WORK ITEM: Repeat what the lines below say, word for word, and skip every image.

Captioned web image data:
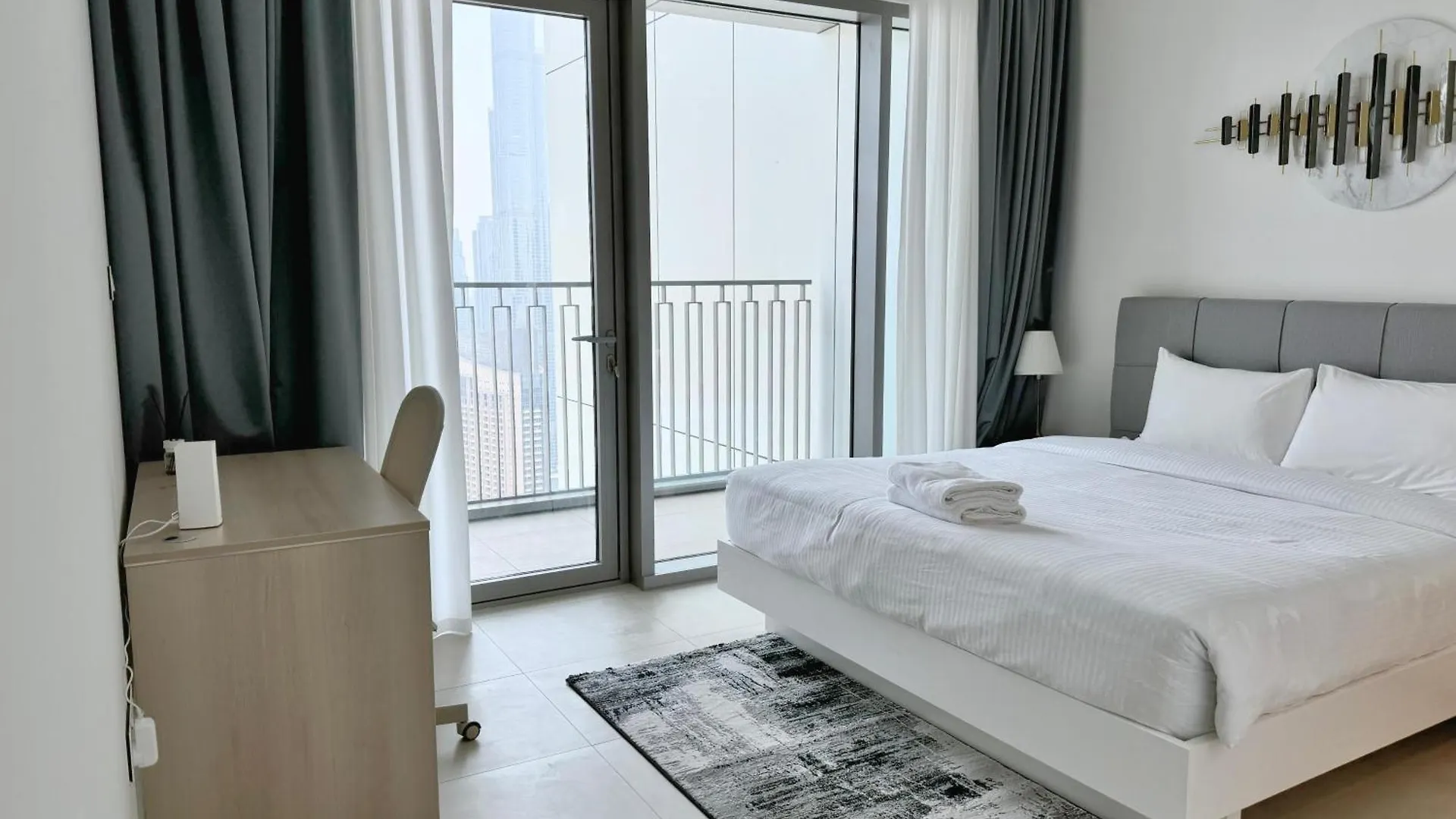 Dvr 4 Bedroom Apartment Available In Downtown View 2 Dubai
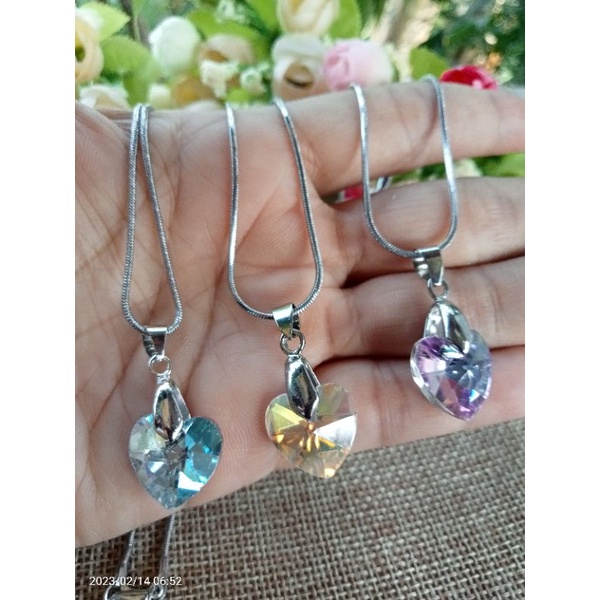 kalung kekinian kalung wanita asesoris wanita kalung liontin crystal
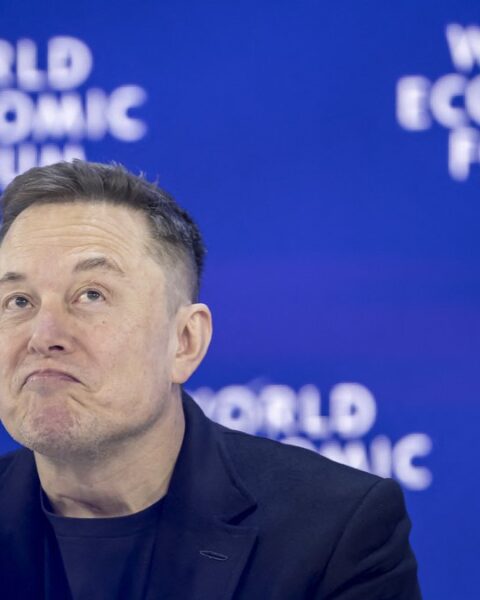 Elon Musk annonce une adaptation de l'Odyssée générée par IA face au succès du film de Christopher Nolan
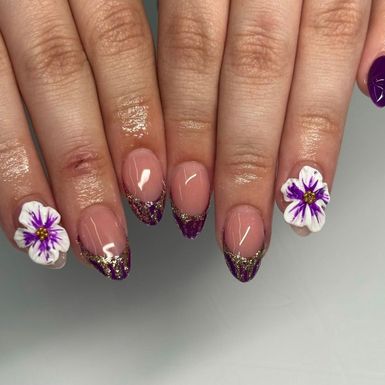 Nokti s uzorkom orhideje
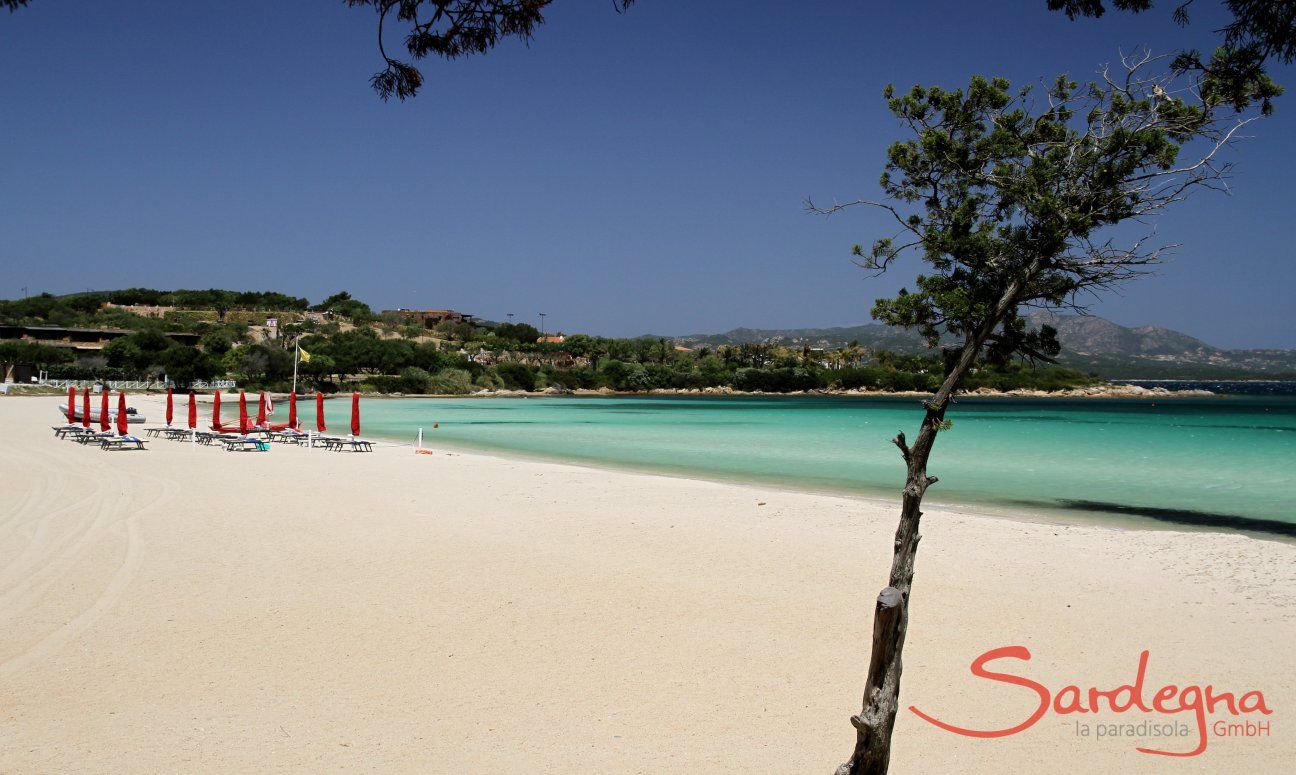 Spiaggia die Sassi circa 4,5 km della Villa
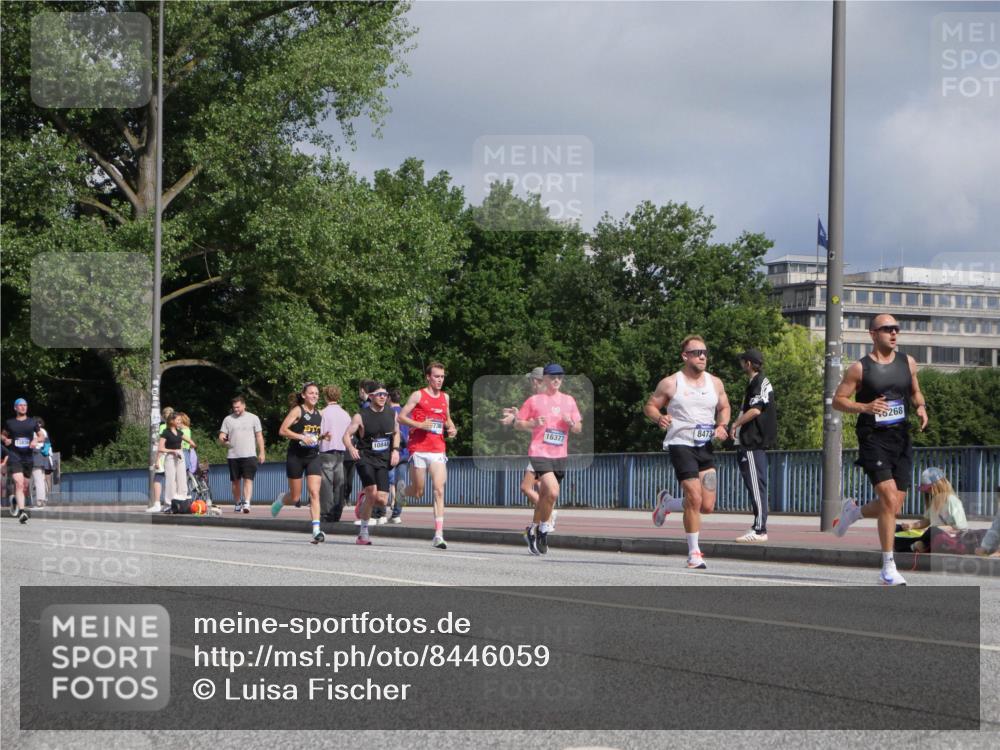 29.06.2025 - hella hamburg halbmarathon Luisa Fischer http://msf.ph/oto/8446059 29.06.2025 09:47:00 Kennedybrücke 10848, 736, 16377, 8473, 5268, 2021, 3201, 5367, 8473, 8731, 10156, 10848 meine-sportfotos.de
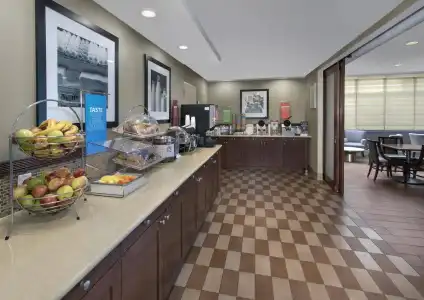 Hampton Inn NY-JFK - 10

EXPECTED OUTPUT:
 Dvr 4 Bedroom Apartment Available In Downtown View 2 Dubai
 kalung kekinian kalung wanita asesoris wanita kalung liontin crystal
 Elon Musk annonce une adaptation de l'Odyssée générée par IA face au succès du film de Christopher Nolan
 Nokti s uzorkom orhideje
 Spiaggia die Sassi circa 4,5 km della Villa
 29.06.2025 - hella hamburg halbmarathon Luisa Fischer http://msf.ph/oto/8446059 29.06.2025 09:47:00 Kennedybrücke 10848, 736, 16377, 8473, 5268, 2021, 3201, 5367, 8473, 8731, 10156, 10848 meine-sportfotos.de
 Hampton Inn NY-JFK - 10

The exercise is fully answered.